Landlord hits out at HCA after downgrade
A housing association has accused the regulator of deterring smaller landlords from developing after its downgrade last week.
Christian Action Housing had its viability rating downgraded from a ‘V1’ to a ‘V2’ last week, which means the 1,500-home association is compliant with regulatory standards, but needs to make improvements.
In its judgement, the English social housing regulator the Homes and Communities Agency (HCA) said the association met viability standards, but its financial profile was “relatively weak”.
“Christian Action anticipates declining headroom in the business plan in relation to funders’ covenants, as a result of forecasting diminishing surpluses over the next few years and deficits in the long-term,” the agency said.
However, Mark Hayes, chief executive of Christian Action, criticised the move and said the downgrade had been due to the landlord’s decision to continue to develop, despite the expected loss of income due to the government’s 1% rent cut.
Mr Hayes said: “There is a frustration… that the message the regulator puts out to boards by doing this [issuing downgrades] is that perhaps you shouldn’t develop… I think there is a problem with this way of doing viability assessments that the regulator is effectively saying to us you would be stronger if you didn’t develop.”
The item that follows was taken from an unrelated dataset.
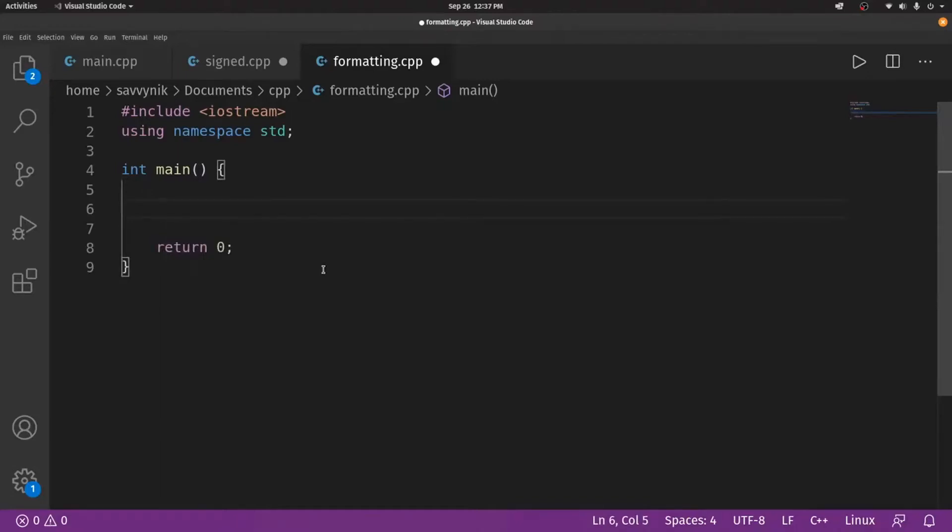Hey savvy people, it's Savvy Nick here, and today we'll be going through a highlight of one of my past live streams featuring the pre-increment versus the post-increment operators in C++.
He said he rejected the suggestion that the landlord is financially weak, and said it would be “quids in” if it stopped developing. The association plans to acquire 40 properties and develop 60 new homes over the next three years.
He added: “It’s directly in conflict with what the government is saying, which is we want you to develop.”
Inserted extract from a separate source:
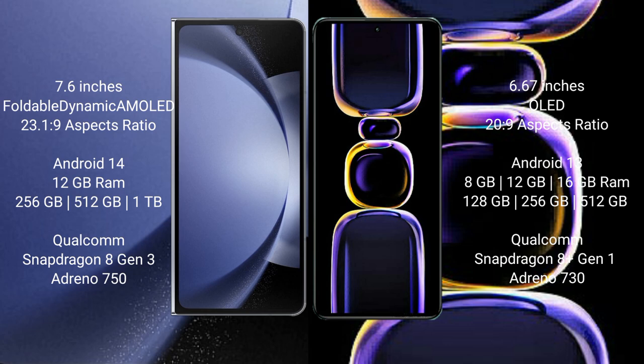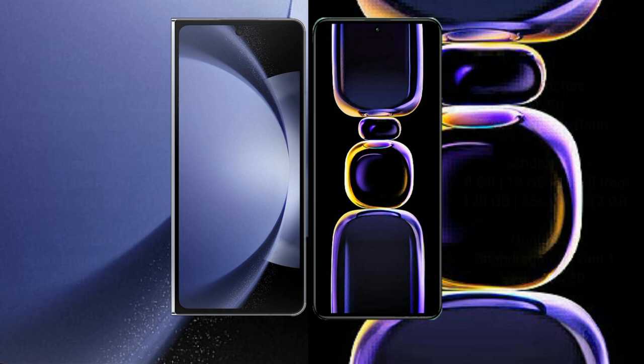Samsung Galaxy Z Fold 6 comes with 12GB RAM and 256GB, 512GB, or 1TB internal storage, powered by a Qualcomm Snapdragon 8 Gen 3 processor and Adreno 750 GPU. Xiaomi K60 comes with 8GB, 12GB, or 16GB RAM and 128GB, 256GB, 512GB, or 1TB internal storage, with a Qualcomm Snapdragon 8 Gen 2 processor and Adreno 730 GPU.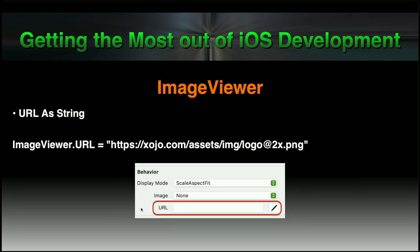Another update based on user requests is a new property on the image control, letting you set a URL to retrieve an image remotely. This means you don't have to add image resources to the project itself, resulting in smaller projects, and you can update the image anytime because it is downloaded based on the URL when the screen containing the image control is opened.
But Jonathan Walters, deputy director of strategy and performance at the HCA, insisted that the body was “not prescriptive”. “It is the responsibility of boards to manage their development programmes, while having a firm grip on risks they face and strategies in place to manage them,” he said.
Magna Housing Group also last week had its governance rating downgraded to a compliant ‘G2’. It said it would work with the regulator to regain a ‘G1’.